▸ **ACTIVITY**
Answer with a number only: how many lines of the entries below contain the word "Briefs"?

▸ **MATERIAL TO PROCESS**
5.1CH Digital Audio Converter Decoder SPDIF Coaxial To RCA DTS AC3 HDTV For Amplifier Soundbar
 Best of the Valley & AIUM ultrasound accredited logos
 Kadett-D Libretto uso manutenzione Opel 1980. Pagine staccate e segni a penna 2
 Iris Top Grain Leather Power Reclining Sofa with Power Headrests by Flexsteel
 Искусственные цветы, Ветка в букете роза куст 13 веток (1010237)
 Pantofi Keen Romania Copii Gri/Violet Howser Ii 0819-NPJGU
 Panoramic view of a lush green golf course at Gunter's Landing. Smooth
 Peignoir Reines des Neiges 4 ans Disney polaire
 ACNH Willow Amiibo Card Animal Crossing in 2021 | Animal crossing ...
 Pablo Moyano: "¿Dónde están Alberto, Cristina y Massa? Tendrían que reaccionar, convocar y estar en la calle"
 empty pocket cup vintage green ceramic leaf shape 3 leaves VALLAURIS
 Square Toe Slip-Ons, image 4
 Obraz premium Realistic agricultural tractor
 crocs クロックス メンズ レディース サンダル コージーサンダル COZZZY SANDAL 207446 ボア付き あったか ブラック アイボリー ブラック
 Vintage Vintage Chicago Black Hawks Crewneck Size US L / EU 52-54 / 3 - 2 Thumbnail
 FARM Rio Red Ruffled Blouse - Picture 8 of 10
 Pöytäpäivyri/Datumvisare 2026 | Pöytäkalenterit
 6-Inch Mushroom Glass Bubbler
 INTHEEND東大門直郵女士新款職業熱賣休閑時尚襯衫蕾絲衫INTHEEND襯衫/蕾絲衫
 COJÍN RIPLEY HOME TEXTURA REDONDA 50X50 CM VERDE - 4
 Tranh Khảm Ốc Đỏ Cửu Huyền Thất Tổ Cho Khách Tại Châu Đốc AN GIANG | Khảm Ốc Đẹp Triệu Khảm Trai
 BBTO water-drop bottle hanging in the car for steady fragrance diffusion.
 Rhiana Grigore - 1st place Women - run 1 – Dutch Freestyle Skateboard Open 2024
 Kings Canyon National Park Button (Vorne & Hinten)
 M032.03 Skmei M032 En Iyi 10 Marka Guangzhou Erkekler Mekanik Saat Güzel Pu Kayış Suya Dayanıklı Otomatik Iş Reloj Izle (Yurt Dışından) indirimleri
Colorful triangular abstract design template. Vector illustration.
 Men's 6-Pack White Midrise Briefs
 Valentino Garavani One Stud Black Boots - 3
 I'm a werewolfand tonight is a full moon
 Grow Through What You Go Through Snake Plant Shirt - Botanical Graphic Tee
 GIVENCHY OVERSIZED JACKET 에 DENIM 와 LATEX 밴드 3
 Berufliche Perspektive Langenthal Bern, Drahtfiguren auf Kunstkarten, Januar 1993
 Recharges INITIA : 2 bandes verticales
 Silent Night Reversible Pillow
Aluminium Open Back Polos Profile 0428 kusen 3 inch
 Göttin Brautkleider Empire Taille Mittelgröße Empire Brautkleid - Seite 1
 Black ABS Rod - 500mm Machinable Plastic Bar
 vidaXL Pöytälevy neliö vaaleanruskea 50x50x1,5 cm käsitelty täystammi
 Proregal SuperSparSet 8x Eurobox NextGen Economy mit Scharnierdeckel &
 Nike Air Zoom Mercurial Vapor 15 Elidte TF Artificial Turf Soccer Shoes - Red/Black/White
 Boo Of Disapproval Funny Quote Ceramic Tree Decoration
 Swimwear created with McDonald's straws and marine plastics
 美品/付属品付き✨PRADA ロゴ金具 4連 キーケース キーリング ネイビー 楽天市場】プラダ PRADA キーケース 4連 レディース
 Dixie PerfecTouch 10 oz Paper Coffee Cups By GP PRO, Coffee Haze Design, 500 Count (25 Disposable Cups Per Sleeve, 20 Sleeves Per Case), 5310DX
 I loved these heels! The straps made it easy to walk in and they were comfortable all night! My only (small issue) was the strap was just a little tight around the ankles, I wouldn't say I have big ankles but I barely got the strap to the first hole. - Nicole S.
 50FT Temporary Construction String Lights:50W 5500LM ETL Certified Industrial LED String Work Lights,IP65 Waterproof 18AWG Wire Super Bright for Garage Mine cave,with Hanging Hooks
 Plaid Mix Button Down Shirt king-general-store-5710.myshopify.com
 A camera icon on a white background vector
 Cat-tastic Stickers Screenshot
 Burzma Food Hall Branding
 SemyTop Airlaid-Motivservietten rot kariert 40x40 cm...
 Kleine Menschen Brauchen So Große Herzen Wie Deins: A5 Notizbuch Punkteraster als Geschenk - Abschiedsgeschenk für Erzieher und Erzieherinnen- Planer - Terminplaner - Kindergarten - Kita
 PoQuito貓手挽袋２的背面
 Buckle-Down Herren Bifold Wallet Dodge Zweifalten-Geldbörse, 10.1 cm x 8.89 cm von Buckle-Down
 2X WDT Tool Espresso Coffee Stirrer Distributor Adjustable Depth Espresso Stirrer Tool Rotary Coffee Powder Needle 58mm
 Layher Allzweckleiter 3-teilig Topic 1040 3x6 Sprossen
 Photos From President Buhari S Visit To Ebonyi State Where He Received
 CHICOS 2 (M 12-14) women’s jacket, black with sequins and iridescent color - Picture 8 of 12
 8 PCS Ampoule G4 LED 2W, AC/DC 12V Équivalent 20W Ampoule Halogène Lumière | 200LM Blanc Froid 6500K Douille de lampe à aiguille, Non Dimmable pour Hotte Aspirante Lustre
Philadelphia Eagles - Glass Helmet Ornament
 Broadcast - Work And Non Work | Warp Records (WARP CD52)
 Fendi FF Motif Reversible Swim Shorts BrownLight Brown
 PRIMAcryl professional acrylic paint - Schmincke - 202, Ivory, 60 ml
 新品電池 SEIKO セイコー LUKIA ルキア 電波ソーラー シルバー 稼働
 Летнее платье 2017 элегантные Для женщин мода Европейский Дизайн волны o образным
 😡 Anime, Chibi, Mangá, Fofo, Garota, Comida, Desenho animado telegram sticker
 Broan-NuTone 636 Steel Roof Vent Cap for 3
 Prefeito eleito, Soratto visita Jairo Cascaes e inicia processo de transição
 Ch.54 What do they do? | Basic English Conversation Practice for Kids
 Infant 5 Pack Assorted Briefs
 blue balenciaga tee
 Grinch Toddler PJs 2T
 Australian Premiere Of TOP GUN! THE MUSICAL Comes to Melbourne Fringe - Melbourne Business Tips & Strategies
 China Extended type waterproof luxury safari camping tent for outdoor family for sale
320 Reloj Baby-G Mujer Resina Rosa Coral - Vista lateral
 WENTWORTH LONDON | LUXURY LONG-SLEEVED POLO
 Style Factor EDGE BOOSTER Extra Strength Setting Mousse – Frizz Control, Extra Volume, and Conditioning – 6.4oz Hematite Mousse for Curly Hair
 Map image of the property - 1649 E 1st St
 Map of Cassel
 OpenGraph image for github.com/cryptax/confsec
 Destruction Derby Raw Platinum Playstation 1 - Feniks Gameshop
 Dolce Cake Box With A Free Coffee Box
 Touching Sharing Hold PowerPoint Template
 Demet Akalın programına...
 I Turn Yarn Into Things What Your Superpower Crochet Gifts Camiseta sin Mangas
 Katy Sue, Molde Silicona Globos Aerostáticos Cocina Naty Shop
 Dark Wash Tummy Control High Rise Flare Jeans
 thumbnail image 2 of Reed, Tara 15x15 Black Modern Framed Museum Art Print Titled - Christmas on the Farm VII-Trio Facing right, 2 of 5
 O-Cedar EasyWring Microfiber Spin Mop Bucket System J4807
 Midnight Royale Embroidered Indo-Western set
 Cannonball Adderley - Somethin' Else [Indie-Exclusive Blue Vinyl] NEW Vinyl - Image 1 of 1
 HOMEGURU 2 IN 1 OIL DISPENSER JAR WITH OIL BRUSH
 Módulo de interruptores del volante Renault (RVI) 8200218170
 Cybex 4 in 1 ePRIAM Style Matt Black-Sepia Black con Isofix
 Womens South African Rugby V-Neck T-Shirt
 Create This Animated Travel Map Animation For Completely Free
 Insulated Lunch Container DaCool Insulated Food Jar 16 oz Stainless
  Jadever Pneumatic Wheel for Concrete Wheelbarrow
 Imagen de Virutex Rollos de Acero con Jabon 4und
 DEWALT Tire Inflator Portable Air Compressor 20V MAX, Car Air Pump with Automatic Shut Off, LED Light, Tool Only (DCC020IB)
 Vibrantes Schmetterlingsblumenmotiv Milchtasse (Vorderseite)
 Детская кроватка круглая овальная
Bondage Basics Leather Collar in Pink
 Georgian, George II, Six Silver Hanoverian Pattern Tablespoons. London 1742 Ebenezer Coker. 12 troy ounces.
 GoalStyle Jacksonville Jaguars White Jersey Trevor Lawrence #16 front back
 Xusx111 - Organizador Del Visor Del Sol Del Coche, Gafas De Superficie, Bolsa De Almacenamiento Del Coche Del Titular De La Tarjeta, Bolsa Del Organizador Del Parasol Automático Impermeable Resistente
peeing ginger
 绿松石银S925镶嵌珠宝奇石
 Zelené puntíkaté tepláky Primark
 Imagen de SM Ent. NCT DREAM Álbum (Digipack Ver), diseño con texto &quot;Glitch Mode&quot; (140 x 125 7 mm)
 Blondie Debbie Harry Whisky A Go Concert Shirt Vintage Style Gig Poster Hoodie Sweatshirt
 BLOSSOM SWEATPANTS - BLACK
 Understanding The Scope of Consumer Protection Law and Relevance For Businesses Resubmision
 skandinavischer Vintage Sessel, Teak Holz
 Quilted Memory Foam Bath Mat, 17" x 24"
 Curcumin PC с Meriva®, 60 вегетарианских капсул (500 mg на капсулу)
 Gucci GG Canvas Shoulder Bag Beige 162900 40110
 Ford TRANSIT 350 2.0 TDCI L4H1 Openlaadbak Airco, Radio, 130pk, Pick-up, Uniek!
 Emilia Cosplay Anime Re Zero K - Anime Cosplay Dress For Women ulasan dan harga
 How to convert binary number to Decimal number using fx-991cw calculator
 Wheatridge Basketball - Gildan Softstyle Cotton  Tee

▸ **REPLY**
2